Prof. Tang has made original contributions in basic plasma physics, fusion energy science, interdisciplinary computational science, and artificial intelligence/deep learning -- with associated awards including:
- the 2005 Chinese Institute of Engineers-USA Distinguished Achievement Award "for outstanding leadership in fusion research and contributions to fundamentals of plasma science."
- the 2019 Global Impact Award from NVIDIA Corporation for "groundbreaking work in using GPU-accelerated computing to unleash deep learning neural networks for dramatically increasing the accuracy and speed in predicting disruptions in fusion systems."
- the 2013 High Performance Computing Innovation Excellence Award from International Data Corporation for "using high-end supercomputing resources to carry out advanced simulations for the first time of confinement physics in large-scale magnetic fusion energy plasmas with unprecedented phase-space resolution and long temporal duration to deliver important new scientific insights."

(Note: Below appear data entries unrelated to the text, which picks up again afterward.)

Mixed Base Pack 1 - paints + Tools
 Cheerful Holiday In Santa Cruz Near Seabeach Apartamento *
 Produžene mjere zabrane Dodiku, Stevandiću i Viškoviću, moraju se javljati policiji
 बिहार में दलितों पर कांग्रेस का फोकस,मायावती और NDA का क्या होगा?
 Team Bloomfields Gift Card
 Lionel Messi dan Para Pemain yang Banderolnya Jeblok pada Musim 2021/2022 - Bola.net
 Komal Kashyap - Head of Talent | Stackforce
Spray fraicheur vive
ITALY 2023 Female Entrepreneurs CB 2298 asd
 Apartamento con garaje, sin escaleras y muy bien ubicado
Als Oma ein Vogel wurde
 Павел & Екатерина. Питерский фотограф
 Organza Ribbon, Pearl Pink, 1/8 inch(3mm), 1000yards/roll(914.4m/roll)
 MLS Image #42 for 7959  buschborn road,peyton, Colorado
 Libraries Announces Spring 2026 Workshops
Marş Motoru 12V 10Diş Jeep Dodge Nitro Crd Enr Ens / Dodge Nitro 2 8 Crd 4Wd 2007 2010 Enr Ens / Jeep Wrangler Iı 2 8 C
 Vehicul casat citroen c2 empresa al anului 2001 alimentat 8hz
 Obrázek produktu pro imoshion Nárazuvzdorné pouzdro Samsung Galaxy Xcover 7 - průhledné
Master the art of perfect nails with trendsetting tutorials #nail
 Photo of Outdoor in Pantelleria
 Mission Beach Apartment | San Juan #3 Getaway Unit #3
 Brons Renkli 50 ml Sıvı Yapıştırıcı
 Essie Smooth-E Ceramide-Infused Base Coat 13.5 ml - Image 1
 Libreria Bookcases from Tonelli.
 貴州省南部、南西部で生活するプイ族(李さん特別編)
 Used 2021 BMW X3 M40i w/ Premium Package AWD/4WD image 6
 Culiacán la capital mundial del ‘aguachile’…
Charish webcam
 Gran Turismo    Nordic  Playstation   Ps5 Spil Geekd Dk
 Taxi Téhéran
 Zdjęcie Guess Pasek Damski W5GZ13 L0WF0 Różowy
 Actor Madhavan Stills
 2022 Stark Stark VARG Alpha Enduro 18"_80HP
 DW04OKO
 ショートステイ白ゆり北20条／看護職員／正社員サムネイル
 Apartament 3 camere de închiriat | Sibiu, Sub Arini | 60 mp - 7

Dr. Tang is the current leader of an AI/Deep Learning project that has produced a high-profile article in NATURE (April 2019) on "Predicting Disruptive Instabilities in Controlled Fusion Plasmas through Deep Learning" (J. Kates-Harbeck, A. Svyatkovskiy, W. Tang) that brings together the emergence of the exciting growth area of deep learning with an exemplar from the grand challenge area of clean energy via magnetic fusion. This work uniquely demonstrated for the first time that predictive software trained on one experimental device (e.g., the DIII-D tokamak in CA) to make accurate predictions on another (the larger and more powerful EUROFUSION JET tokamak in the UK). Moreover, it was the first FES DL code to efficiently utilize leadership class supercomputers (e.g., Titan, Summit in US; & Tsubame-3 in Japan) -- highlighted in his invited Keynote on “Deep Learning Acceleration of Progress toward Delivery of Fusion Energy" at the 2018 International Supercomputing Conference in Frankfurt, Germany. He is currently PI for prominent FES HPC Supercomputing discovery science projects including the ANL Early Science Project (ECP) on AURORA -- the first targeted DOE-SC Exascale System in 2021, the new “NESAP for Learning (N4L)” Project on the Perlumutter System at LBNL, and (as Co-PI with Zhihong Lin of UC Irvine) on the internationally top-rated SUMMIT System at ORNL.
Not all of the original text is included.